▸ **Problem description**: Look through the data below for the line with "T-Shirt Baumwolle" and the line with "Echoes of the Heart", then output those two and all lines in between, exactly as written.

____ Source information

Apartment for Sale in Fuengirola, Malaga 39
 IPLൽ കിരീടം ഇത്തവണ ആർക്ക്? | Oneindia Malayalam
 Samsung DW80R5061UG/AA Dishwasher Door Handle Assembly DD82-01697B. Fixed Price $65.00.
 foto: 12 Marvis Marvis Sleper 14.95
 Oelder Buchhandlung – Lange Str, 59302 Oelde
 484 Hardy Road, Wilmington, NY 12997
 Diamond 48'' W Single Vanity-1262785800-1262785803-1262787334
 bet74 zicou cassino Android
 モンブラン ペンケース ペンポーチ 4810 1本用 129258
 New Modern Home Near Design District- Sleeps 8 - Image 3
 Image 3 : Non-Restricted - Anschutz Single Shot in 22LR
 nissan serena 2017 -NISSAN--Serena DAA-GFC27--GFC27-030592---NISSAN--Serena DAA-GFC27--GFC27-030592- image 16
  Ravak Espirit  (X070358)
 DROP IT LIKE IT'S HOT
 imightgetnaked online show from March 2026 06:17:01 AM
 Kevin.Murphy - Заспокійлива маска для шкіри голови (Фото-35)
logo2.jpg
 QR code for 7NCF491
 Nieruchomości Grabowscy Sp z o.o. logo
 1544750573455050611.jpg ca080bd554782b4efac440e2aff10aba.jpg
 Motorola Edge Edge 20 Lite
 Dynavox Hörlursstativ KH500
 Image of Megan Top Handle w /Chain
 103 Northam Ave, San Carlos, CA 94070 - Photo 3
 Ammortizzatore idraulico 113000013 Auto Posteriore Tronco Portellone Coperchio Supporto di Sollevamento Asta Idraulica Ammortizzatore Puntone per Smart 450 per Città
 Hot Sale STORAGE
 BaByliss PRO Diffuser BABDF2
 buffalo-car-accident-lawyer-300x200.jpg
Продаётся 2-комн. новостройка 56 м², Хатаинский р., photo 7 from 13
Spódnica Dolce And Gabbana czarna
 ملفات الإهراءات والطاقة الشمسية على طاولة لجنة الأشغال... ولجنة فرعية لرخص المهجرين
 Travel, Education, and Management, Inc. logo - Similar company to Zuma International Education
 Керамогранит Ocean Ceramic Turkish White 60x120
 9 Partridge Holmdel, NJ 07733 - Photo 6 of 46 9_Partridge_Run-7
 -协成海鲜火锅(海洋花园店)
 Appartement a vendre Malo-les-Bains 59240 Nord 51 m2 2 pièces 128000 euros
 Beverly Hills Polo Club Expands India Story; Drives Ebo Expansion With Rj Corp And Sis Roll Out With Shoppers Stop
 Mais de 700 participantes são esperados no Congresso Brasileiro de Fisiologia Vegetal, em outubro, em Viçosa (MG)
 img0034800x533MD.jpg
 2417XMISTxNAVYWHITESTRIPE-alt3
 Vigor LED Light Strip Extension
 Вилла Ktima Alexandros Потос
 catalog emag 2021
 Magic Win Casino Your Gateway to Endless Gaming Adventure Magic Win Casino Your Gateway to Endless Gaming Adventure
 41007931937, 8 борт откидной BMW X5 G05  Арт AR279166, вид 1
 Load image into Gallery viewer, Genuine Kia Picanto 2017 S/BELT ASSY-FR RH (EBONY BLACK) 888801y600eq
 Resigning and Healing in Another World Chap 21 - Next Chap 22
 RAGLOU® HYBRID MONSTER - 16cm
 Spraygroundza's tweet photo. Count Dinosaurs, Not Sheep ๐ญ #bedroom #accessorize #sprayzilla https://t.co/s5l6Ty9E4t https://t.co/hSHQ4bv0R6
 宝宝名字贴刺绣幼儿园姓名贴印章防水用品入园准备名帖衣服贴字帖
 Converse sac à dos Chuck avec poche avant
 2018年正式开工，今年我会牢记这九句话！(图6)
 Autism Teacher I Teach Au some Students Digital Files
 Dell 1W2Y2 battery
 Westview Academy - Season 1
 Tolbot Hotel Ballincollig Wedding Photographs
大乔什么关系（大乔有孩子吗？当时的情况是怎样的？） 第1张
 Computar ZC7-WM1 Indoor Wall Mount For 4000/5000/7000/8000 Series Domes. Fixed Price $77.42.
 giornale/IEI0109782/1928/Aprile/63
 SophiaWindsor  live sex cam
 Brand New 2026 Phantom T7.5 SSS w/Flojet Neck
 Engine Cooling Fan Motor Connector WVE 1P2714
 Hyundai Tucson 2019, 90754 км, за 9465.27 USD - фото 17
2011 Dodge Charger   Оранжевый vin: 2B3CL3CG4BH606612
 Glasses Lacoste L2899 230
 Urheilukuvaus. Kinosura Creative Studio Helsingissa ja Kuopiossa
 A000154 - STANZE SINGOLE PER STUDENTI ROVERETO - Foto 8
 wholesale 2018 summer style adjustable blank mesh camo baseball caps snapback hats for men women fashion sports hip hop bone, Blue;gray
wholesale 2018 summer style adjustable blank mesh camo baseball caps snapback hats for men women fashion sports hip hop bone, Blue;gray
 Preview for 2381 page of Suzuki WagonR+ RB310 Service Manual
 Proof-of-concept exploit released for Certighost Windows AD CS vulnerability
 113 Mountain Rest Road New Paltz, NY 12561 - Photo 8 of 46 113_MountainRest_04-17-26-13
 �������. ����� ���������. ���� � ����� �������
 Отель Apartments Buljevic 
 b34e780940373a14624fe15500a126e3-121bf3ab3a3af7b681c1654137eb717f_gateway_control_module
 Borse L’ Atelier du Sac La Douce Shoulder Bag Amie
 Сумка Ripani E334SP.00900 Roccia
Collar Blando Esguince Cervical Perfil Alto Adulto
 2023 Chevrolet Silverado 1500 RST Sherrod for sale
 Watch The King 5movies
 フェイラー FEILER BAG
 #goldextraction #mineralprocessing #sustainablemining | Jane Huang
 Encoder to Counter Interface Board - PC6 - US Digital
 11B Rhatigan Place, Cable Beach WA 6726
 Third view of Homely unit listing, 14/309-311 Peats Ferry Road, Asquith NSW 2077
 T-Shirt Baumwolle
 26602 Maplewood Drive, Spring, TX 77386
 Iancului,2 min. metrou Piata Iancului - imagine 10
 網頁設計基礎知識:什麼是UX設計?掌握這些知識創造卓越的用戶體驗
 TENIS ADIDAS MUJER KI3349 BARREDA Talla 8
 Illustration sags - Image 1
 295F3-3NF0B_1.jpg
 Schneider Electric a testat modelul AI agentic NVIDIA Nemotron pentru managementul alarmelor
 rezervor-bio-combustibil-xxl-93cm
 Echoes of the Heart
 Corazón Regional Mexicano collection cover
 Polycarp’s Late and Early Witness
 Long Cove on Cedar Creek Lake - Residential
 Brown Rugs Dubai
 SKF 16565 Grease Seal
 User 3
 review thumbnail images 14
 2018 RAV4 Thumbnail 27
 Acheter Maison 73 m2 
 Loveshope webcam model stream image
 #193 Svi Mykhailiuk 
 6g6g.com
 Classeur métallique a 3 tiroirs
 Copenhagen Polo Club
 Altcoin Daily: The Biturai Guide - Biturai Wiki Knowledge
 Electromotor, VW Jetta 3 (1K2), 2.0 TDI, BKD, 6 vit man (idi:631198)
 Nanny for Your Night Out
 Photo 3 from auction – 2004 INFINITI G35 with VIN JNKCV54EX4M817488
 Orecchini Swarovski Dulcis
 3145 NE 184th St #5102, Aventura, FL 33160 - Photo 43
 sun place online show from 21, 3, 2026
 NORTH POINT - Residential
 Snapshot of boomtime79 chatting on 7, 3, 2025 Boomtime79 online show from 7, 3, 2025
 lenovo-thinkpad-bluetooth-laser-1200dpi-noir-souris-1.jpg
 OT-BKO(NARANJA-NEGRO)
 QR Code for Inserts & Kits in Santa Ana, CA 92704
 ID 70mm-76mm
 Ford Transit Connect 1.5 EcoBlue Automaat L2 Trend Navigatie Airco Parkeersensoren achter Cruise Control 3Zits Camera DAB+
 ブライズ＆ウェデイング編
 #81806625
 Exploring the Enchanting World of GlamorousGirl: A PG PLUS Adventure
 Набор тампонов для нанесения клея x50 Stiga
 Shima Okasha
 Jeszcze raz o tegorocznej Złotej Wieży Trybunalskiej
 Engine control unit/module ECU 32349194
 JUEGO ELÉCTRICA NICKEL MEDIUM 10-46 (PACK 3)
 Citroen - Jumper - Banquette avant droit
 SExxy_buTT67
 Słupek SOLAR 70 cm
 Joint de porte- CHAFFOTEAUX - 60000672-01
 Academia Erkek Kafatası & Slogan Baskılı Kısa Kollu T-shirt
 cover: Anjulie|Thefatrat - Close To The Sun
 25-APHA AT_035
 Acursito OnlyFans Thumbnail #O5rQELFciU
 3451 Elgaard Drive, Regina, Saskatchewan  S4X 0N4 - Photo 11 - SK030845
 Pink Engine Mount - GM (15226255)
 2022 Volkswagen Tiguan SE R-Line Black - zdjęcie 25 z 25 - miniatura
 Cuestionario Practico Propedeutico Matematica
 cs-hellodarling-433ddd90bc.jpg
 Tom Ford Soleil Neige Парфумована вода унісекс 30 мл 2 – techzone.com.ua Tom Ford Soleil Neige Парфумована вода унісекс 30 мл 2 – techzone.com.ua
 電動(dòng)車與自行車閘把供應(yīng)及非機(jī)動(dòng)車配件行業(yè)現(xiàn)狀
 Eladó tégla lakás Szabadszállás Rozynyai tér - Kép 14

________

▸ **Task result**:
 T-Shirt Baumwolle
 26602 Maplewood Drive, Spring, TX 77386
 Iancului,2 min. metrou Piata Iancului - imagine 10
 網頁設計基礎知識:什麼是UX設計?掌握這些知識創造卓越的用戶體驗
 TENIS ADIDAS MUJER KI3349 BARREDA Talla 8
 Illustration sags - Image 1
 295F3-3NF0B_1.jpg
 Schneider Electric a testat modelul AI agentic NVIDIA Nemotron pentru managementul alarmelor
 rezervor-bio-combustibil-xxl-93cm
 Echoes of the Heart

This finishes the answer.